For years rugby as a sport here has singularly failed to generate anything like a robust conversation that carries the week. This failure is due mostly to the national body's communications department being terrified by negative publicity and the rage that would provoke in their seniors.
From laughably inane post-match press conferences to pointlessly bland pre-match press "opportunities", no sports body has done it worse anywhere in the world, leaving it up to media to try to drive fan engagement through paint-by-numbers panel shows and opinion columns that inevitably circle back to well-worn themes.
If you want rugby's attitude to large chunks of its stakeholders crystallised in a single quote, take Steve Hansen's following the World Cup exit and his standing down: "One thing I'll promise – you guys need to hear this so you don't come bothering – is I won't be talking about what they should be doing or how they should be doing it. If you ring me and ask me that, it won't be a very good conversation."

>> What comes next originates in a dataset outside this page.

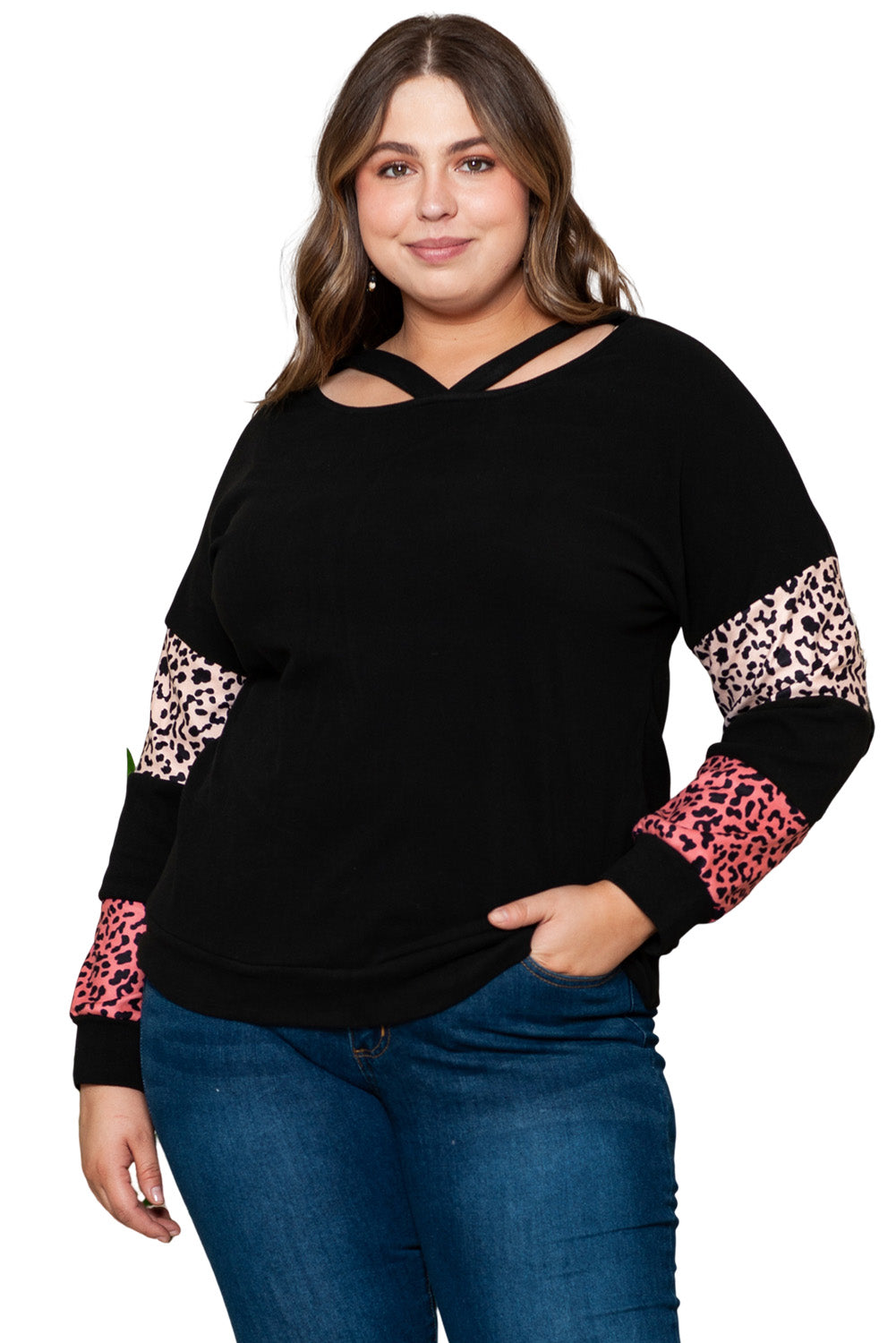 Black Plus Size Leopard Patchwork Strappy Neck Top - The Fair Lady Shop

This faux loyalty to the "brand" is actually contempt for the sport and those who watch it with far less discerning eyes than the guy who was in charge of the greatest World Cup campaign in history and who has forgotten more rugby knowledge than a roomful of critics will ever accrue.
Hansen knows a lot about rugby and clearly, as Cane so artfully pointed out, they're the sort of people real rugby folk prefer. So why stay quiet? Who are you actually helping, Steve?

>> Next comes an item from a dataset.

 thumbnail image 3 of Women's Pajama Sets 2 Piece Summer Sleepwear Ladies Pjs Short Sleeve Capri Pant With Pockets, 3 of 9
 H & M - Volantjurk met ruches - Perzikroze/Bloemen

My initial thought upon hearing Cane dismiss the rugby acumen of the most virulent All Blacks critics was to question his wisdom for articulating out loud what the players and coaches all think.
Couldn't have been more wrong. It's late November, the cricket is about to start and all we're talking about is the All Black skipper.
Give the man the Kel Tremain already.
Have to confess to being unaware of the Magnus Olsson Prize but our resident sailing genius has won it.
The thing that stood out for me, however, when I read the puff that comes with the award, is that Burling is still just 29.
It's easy to forget how young he is when he's already got a sailing CV matched only by Russell Coutts and Vasco da Gama.
It feels a bit churlish to label them losers after drawing with a team that beat the All Blacks, but the Wallabies had that in the bag but loosened the knot.
Again, it feels a bit presumptuous to say this with every team on six points, but they've probably thrown away the Rugby Championship by conceding those late penalties.
Most expect a) an All Black response and b) the lack of conditioning to catch up with Argentina and, if that happens, a bonus-point win would effectively secure the championship for New Zealand.
This doesn't bode well: four New Zealand A wickets across 125 overs in Queenstown. No bowler took more than a single wicket in the high-scoring draw.
Better batsmen await them in the two-test series starting in Hamilton in the first week of December. Their best hope? The curators prepare typical pre-Christmas green-tops and they win two tosses.
Crying in sport has received a lot of attention in the last few weeks. As someone who sits between Keith Quinn's stoic boomers and emotional millennials, have you ever cried as a fan or player? Marc C, Dunedin
I'm almost scared to lay my cards on the table here but the truth is the weirdest things set me off and the things you'd expect to move me as a New Zealander… usually don't.
I've watched the documentary "Hillsborough" a few times and each time must have been right in the heart of hay-fever season because I've had extremely sensitive eyes. As a result I tend to get quite emotional about Liverpool results, even though I wouldn't consider myself a fanatic by any stretch.
I've never cried after an All Blacks or Black Caps loss or victory, as far as I can recall. I might have felt wretched if I hadn't fallen asleep during the closing stages of the 2019 Cricket World Cup final but I woke to my phone going crazy so knew the result by the time I rewound and watched the devastating finale. I felt gutted for the team, but not tearful.
Probably the closest I've come to tears in a New Zealand sports sense is the women's individual pursuit at the Athens Olympics. When Sarah Ulmer stopped her bike having shattered the world record and won gold, she was directly in front of the press tribune.
Watching her try to gulp in enough air to pay off all oxygen she'd spent on the track was one of those "you'll-never-forget-how-lucky-you-are-to-be-where-you-are-now" moments.
In closing though Marc, if you feel like having a good bawl over a sports result, you go for it. It can be good for the soul.
A nice little US Masters montage to make all weekend hackers feel better about themselves. My personal favourite: Phil Mickelsen's putt that ends up four times further from the hole than when it started.
The selectors could pull a dick move and not pick him, but all eyes should be on Eden Park this week as Devon Conway scores the first runs in what many good judges believe will be a prolific career for New Zealand. If he doesn't play or, worse, gets a duck… my bad. New Zealand v West Indies, 7pm Friday, Spark Sport and TV One.